Dennis Brimhall's comment struck a particular chord with me because of some the earliest findings I made in my family research. Like everyone else I am pleased when I find an interesting or distinguished ancestor or relative; I was surprised and delighted to find a very distant cousin who won the Victoria Cross, and if anything I was even more excited to discover an extremely distant connection by marriage who was an Inspector of Registration for GRO Scotland! But the most affecting discoveries I made are the children who died very young, and who were forgotten in a remarkably short time. I knew that my father had a brother and a sister who died in childhood, because I grew up around the rest of the family who remembered them. But just a single generation before it was a different story. When I was about 13 I compiled my first pedigree charts, by asking my parents about their families. I figured that since I knew all of my aunts, uncles, cousins and  grandparents, my parents must know all about theirs too. My father, born when his parents were quite young, was particularly helpful because he had met a lot of his older relatives. He listed all of his father's siblings, including Mary, who had died very young. I wrote down all the details - and did nothing at all with them for another 20 years!

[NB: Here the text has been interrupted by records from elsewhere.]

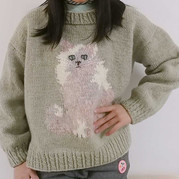 東海小白貓 貓咪圖案女士棒針嵌花圖案毛衣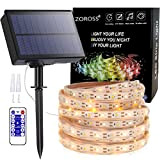 Zoross Striscia LED Solare 16.4ft/5M Strisce LED con 8 Modalità Illuminazione IP67 Impermeabile Fredda Striscia Flessibile Perfetto per Interno e ...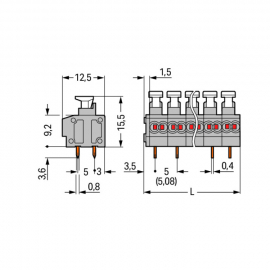 WAGO | 235-453/331-000 | 2-CONDUCTOR PCB TERMINAL BLOCK; PUS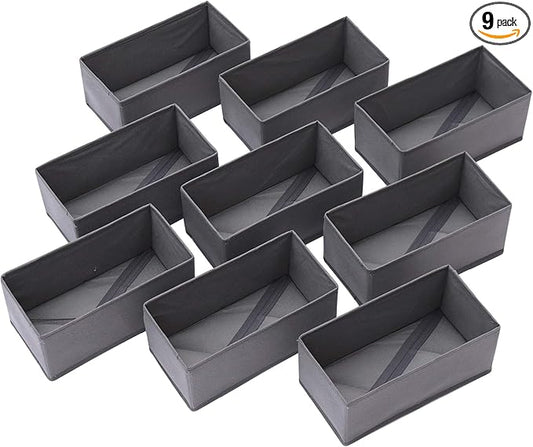 DIOMMELL 9 Pack Foldable Cloth Storage Box Closet Dresser Drawer Organizer Fabric Baskets Bins Containers Divider for Clothes Underwear Bras Socks Lingerie Clothing, M Grey 090
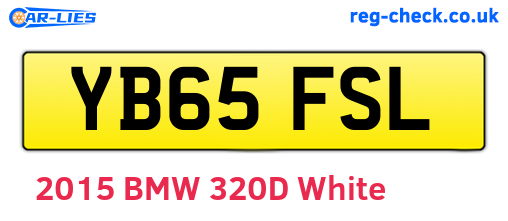 YB65FSL are the vehicle registration plates.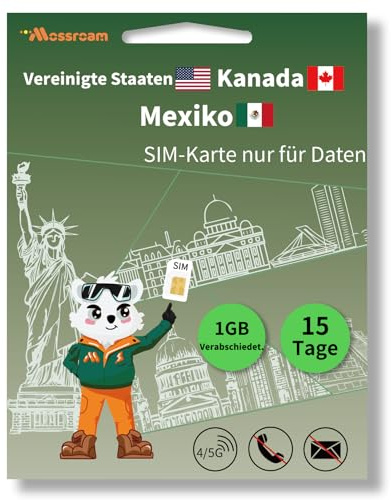 Nordamerika-Daten-SIM-Karte für Reisen – USA, Kanada und Mexiko, 1 GB 4/5G, tägliches LTE-Hochgeschwindigkeitsdatenvolumen für 15 Tage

By the time I took up family history in my 30s (the descendants no longer requiring my attention 24/7, they were both at school) my father, his parents and a number of his older relatives had died, so I was glad that I had actually asked him those questions while he was still alive. On a research trip to Scotland I was staying with my uncle Tommy, Dad's younger brother and telling him what I had discovered so far about our family, including poor little Mary. This was news to him, he had never heard of her, and for a while he was convinced I had got it wrong. Aunt Margaret to the rescue 'I know who'll know all about the Collins family' she said, and mentioned my grandfather's younger cousin Lizzie whom I had met only once before. After a couple of attempts we got hold of her on the phone - for an elderly lady who got about only with the aid of two sticks she had a surprisingly busy social life! Good for her. She remembered Mary, and gave me a pretty good estimate of her dates of birth and death too. Then she said 'Didn't your dad tell you about Freddy?' I turned out that Freddy was another of my grandfather's siblings who had died in childhood, but before my dad was born, whereas he was 5 when Mary died at the age of 10, just a few days after his own baby brother, Henry. No wonder he remembered. Just imagine the effect that would have on a 5 year old.

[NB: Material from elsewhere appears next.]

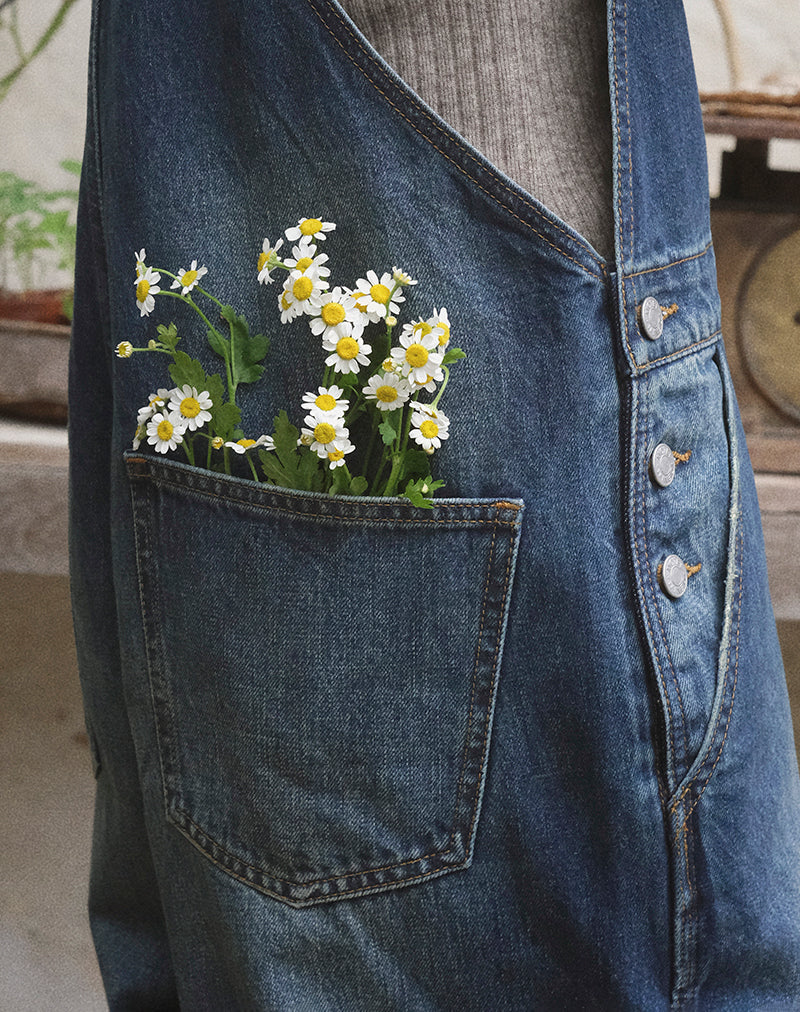 Image of Denim Overalls in Mid Blue Tint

Since then I have discovered that my maternal grandmother was not the middle one of three sisters, but the middle sister of five, and on the other side of the family both sets of great-grandparents lost four children in infancy. So that makes a total of 12 'forgotten' children in my grandparents' generation. So far I have identified nine of them, and I'm working on the other three - they are part of a Brown family in Glasgow so it's quite tricky. These were all the brothers and sisters of people that I knew well. I am lucky to have good memories of all of my grandparents, so I feel that as a tribute to them I should do what I can to record all of their families, not just the ones who have descendants of their own. Nowadays in the developed world if we have children we expect them all to live to adulthood, but it's a sobering thought that only two or three generations back this definitely was not the case.

The theme of this year's Rootstech was 'Find, Organize, Preserve, Share' and there was a strong emphasis on telling the stories of your family, and not just recording dates. We should remember that the children who never grew up are part of that story too.